A TALE OF TWO PEAKS

Lookout move will revitalize Driveway

 

Courtesy Photo

THE DRIVEWAY PEAK CABIN once served as the fire lookout person's quarters and greeted forest visitors for many years until it was destroyed in an accidental fire in 1991.

In this tale of two lookouts becoming one, here is the other side of the story.

Driveway Peak has been lonely on top for quite a while, without any historic buildings of its own for nearly 30 years; but that could soon be changing with the addition of the Priscilla Peak lookout structure.

The future home of Priscilla and its history, which will be carried along to its new location, should only add substance to the long, colorful history that Driveway also has enjoyed from its scenic mountain perch between Prospect Creek and Clear Creek for almost a century now.

Driveway Peak and Priscilla Peak lookouts both had interesting, active roles in local fire history that started and ended at roughly the same time.

Driveway was first utilized as a lookout station with the lookout person climbing a tall, well-placed tree near the summit for observations beginning in 1929. A cabin was built just down the ridge for the lookout to stay in.

After several years of using the tree to locate fires, a platform was built and the lookout of the day was able to use an Osborne Firefinder with the more stable location. Replete with its spikes up each side for easy climbing, the original lookout tree reportedly remained standing for many years after, before finally falling of natural causes.

Still used in lookouts today, the firefinder, a sighting device called an alidade, overlayed on a map aligned correctly allows for making accurate estimates of fire locations and provided a directional bearing, called an azimuth for firefighters to reference once on the ground.

As modernized in the fire-finding world as Driveway Peak had become though, it still required a healthy four-mile walk from the trailhead for the lookout person or visitors to reach it at the time.

Finally, in 1957 those last four miles of road to the lookout were built, making Driveway Peak one of only three in the immediate Thompson Falls area – Eddy Mountain and Clark Peak were the other two – to have roads to the top.

Eventually, the Forest Service put a 50-foot pole structure with an L-4 design lookout building atop that in place on Driveway. The building and the pole structure were brought down by the Forest Service after the lookout station was retired in 1969, its last season officially in service.

The historic cabin at the base of the pole structure remained in place on Driveway Peak for many years and was often used as a warming hut by cross country skiers until it burned down in an unfortunate accident in 1991.

Answering fears that such a fate could await the Priscilla structure, Lolo National Forest archaeologist Erika Karuzas, who formulated the plan, is hopeful for a better ending.

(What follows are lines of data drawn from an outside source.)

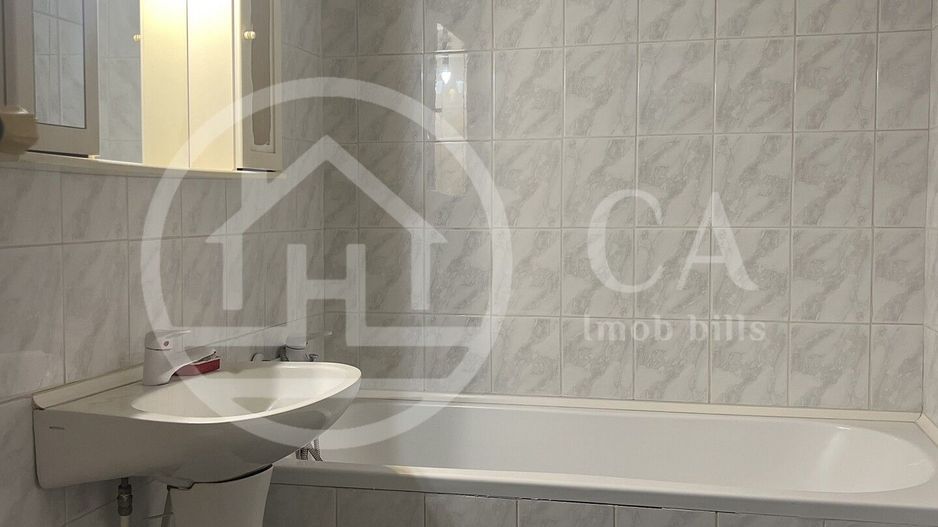 Apartament cu 3 camere de vanzare zona Decebal Oradea - Poză 6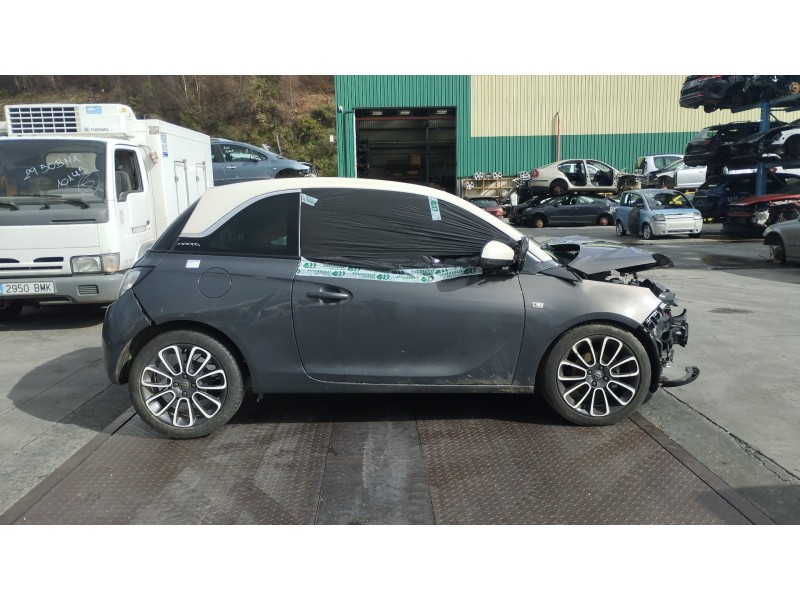 opel adam del año 2016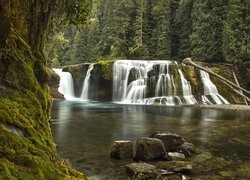 Rezerwat Gifford Pinchot, Rzeka Lewis River, Wodospad, Lower Lewis River Falls, Drzewa, Las, Chmury, Stan Waszyngton, Stany Zjednoczone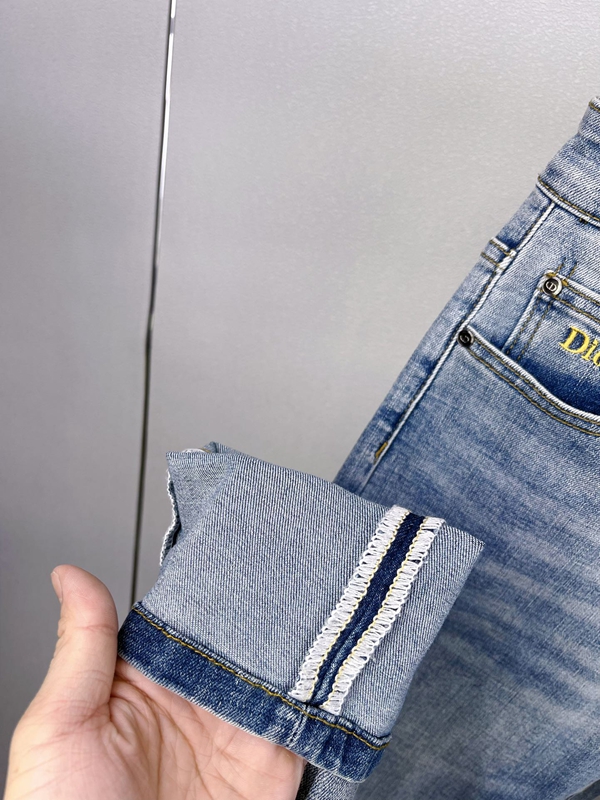 ブランドジーンズ角部分ディテール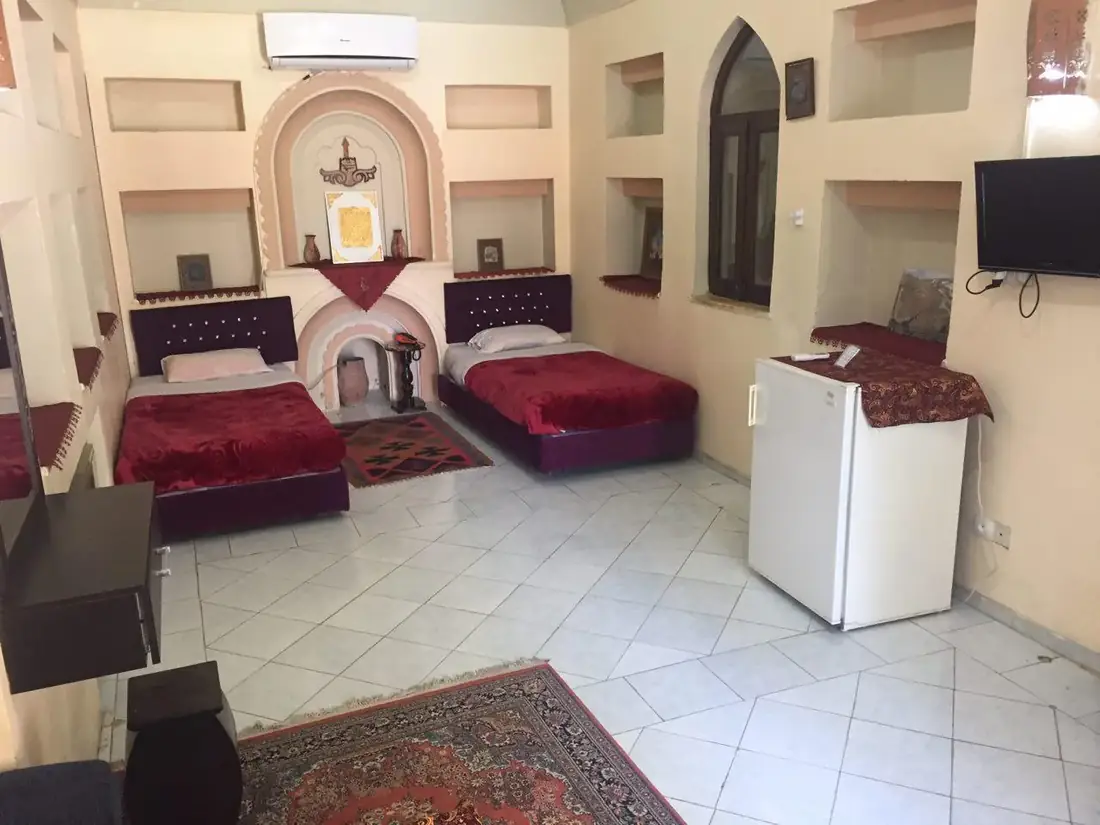 اتاق چهار تخته — هتل ارگ تاریخی گوگد گلپایگان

"It (the cabin burning) was an accident from what I understand, and accidents do happen," she said. "We can take steps to prevent most accidents with well thought out plans. The Forest Service has other rentals and have not had these kinds of problems as a result."

Being optimistic seems to be a part of Karuzas's working job description.

"Both places, Priscilla and Driveway, seem underutilized and underappreciated right now and this project is a chance to change that for the better," she said. "Over the years we have seen that the facilities that you can drive to are the ones that get the most use.

"We can revive and restore a historical lookout building and provide a great experience for the public with the Priscilla Lookout at Driveway Peak."

The Priscilla lookout building's history would then also be safe on Driveway Peak; and Driveway Peak will be lonely on top no more.